Table 1. Proposed pathogenesis of vascular calcification in chronic kidney disease (VSMC vascular smooth muscle cells, Cbfa1 core-binding factor α-1, LDL low-density lipoprotein, CUA calcific uremic arteriolopathy)

Unfortunately, definitive therapies for these manifestations of vascular calcification, including CUA, are lacking. At present, prevention appears to be the only hope, as no studies have demonstrated an ability to modulate, or remove, the mineral once it is deposited.
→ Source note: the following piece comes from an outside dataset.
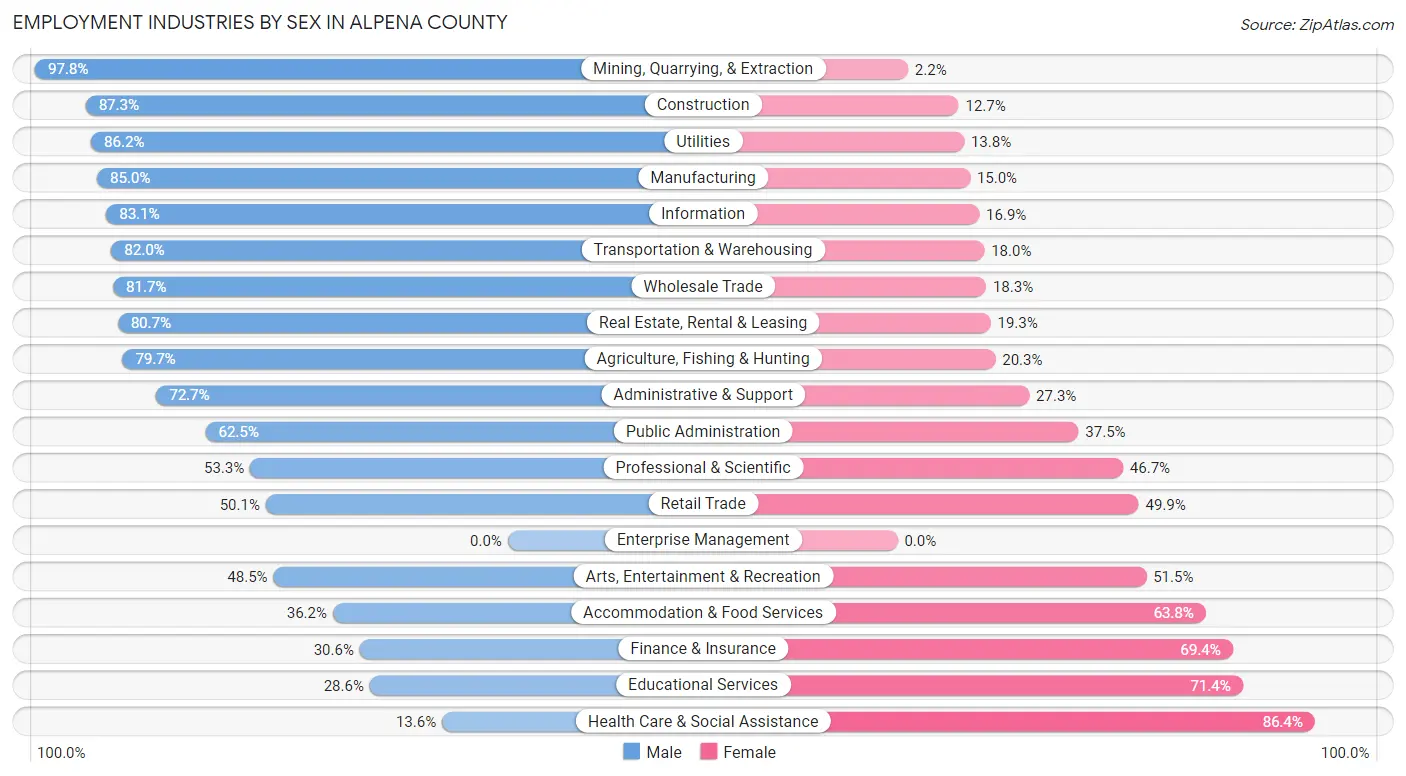 Employment Industries by Sex in Alpena County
Unfortunately, therapy at present is limited (Table 1), but should include (1) reducing traditional and non-traditional vascular disease risk factors, (2) minimizing mineral overload by aggressive control of serum phosphate with non-calcium binders or increased dialysis frequency and decreasing vitamin D use, and (3) aggressive wound care. In addition, optimizing naturally occurring inhibitors such as fetuin-A by decreasing inflammation and bisphosphonate therapy (at least in animal models [69]), and stopping Coumadin therapy to increase matrix gla protein remain theoretical at present. Nevertheless, while we strive to understand the pathophysiology of this complicated process, we owe it to our patients to minimize cardiovascular risk factors that may lead to initial injury and avoid positive calcium and phosphorus balance that add further insult to injury.